Your assignment:
Every picture is to be removed, and all the data is to be copied exactly.

Dataset section:
<<<<

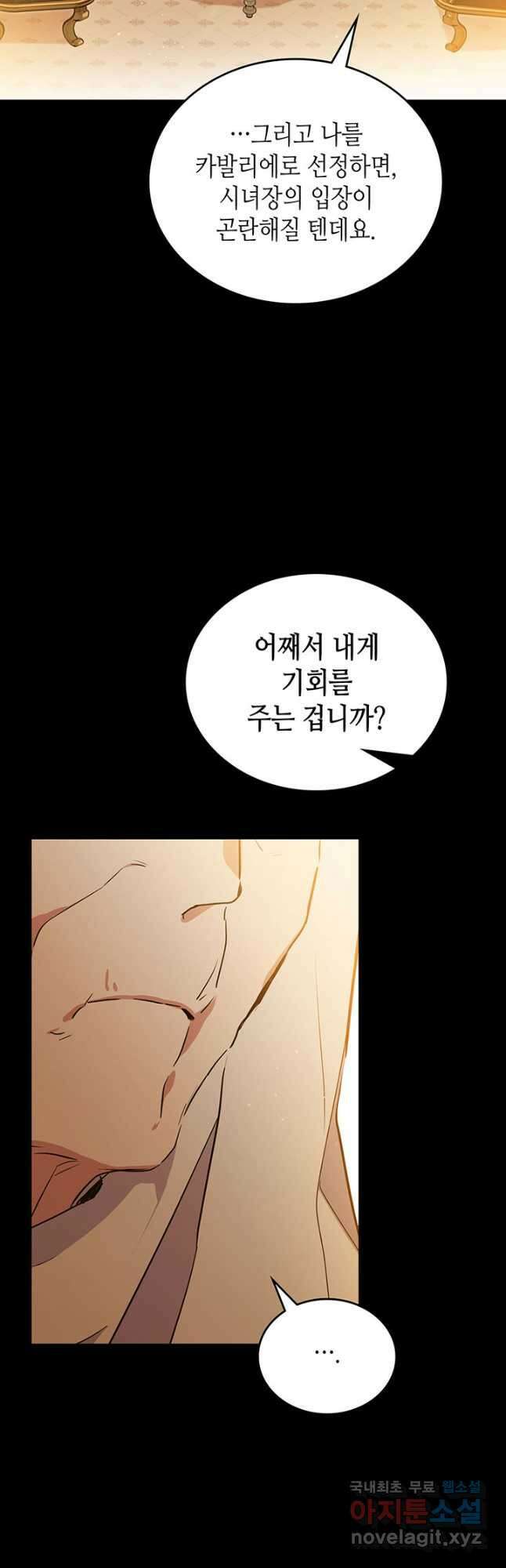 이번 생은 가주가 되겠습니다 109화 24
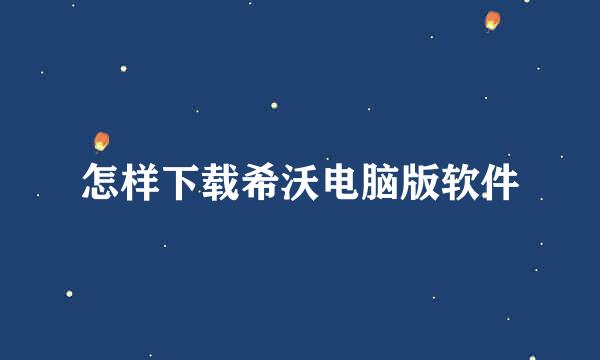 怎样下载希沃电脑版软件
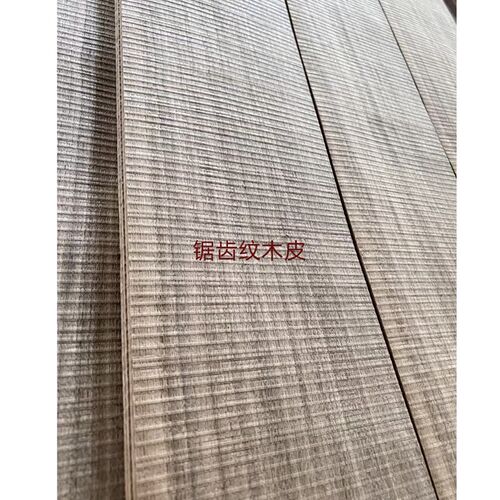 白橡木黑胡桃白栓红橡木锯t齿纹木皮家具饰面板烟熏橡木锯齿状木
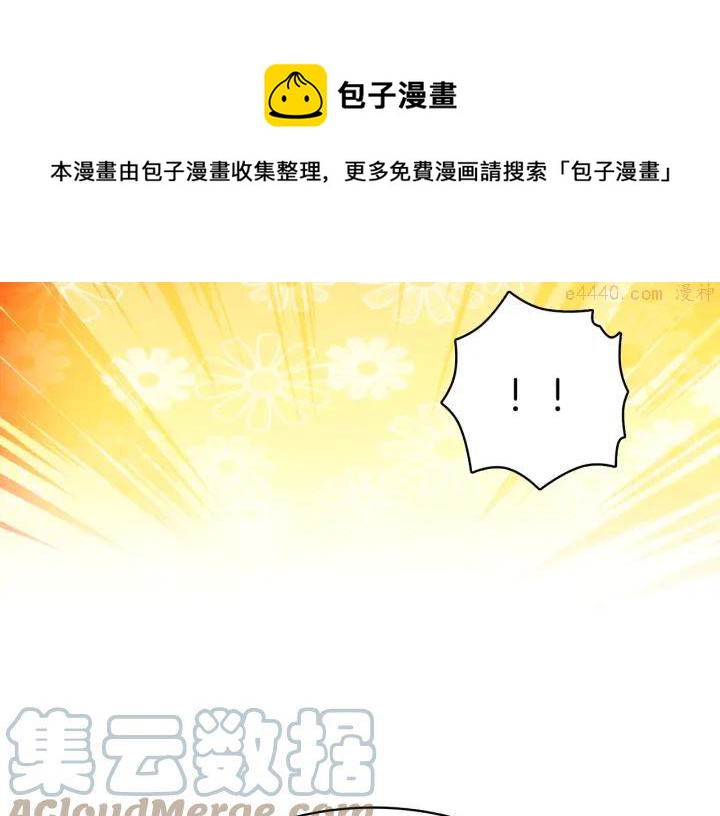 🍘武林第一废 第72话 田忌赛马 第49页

>>>>

Response to the exercise:
 이번 생은 가주가 되겠습니다 109화 24
 怎样下载希沃电脑版软件
 白橡木黑胡桃白栓红橡木锯t齿纹木皮家具饰面板烟熏橡木锯齿状木
 🍘武林第一废 第72话 田忌赛马 第49页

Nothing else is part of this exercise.